HTML entities for email addresses: don’t bother
2nd December 2003
I’ve suspected this for a long time, and now here’s the empirical evidence: Popular Spam Protection Technique Doesn’t Work. If you’re relying on HTML entities to protect your email address from spam harvesters—for example username@example.com
—your email address may as well be in plain text. Chip Rosenthal downloaded a tool called “Web Data Extractor v4.0” and tried it on some test data to prove once and for all that the technique doesn’t work.
My advice is to use your common sense when analysing a potential spam protection technique. If you were a spammer, would you be able to outwit the method?
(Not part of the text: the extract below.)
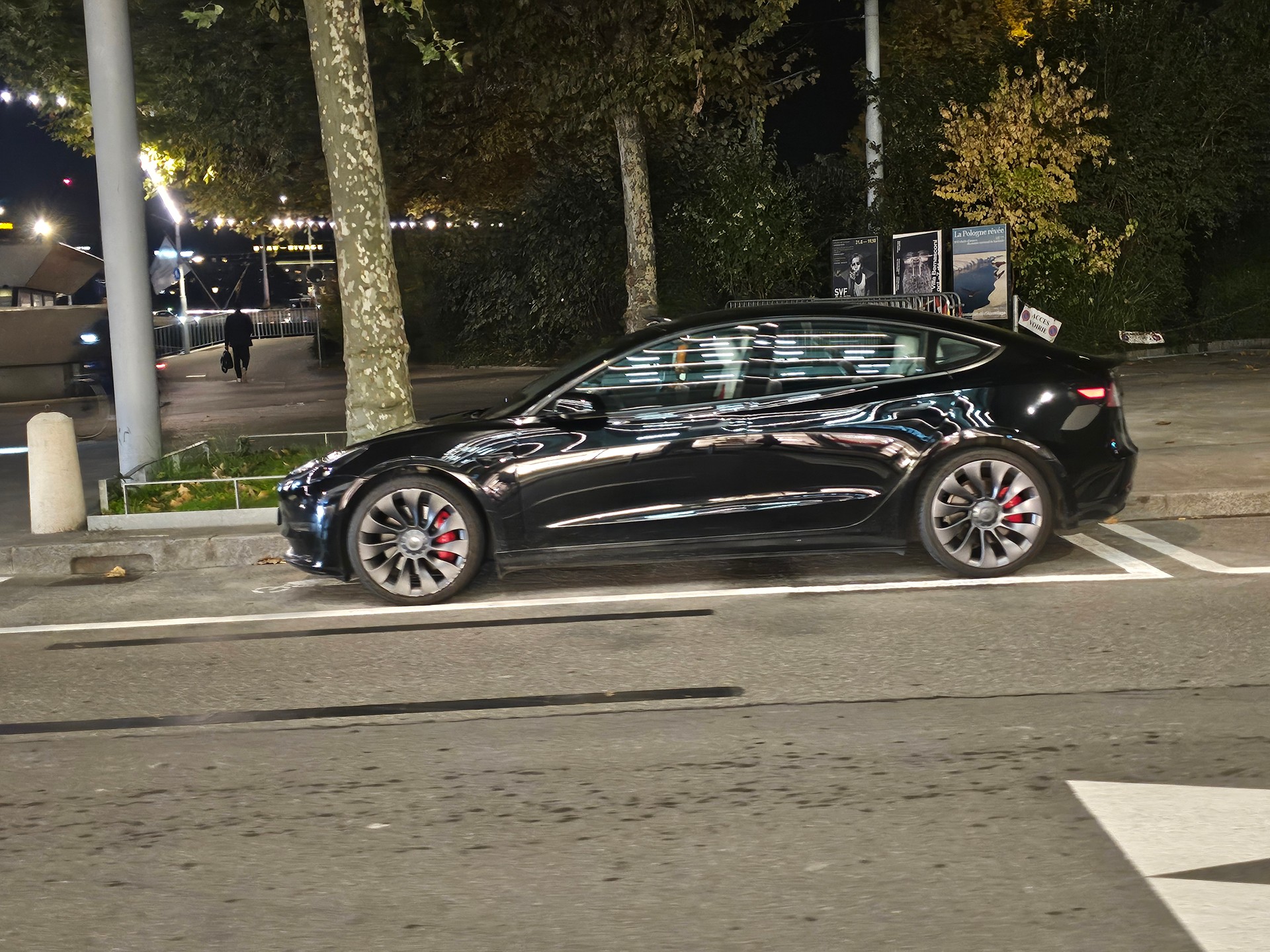 TESLA Model 3 Performance Dual Motor AWD-image-1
Spammers aren’t always very smart, but the people who write spamming tools (and get paid big bucks for them) are. Also remember to think about the payoff—unencoding a bunch of entities is a cheap operation. Embedding a Javascript interpreter to decipher email addresses that are glued together using Javascript at the last possible moment is a lot harder and could slow down a tool, so it may not be worth the effort.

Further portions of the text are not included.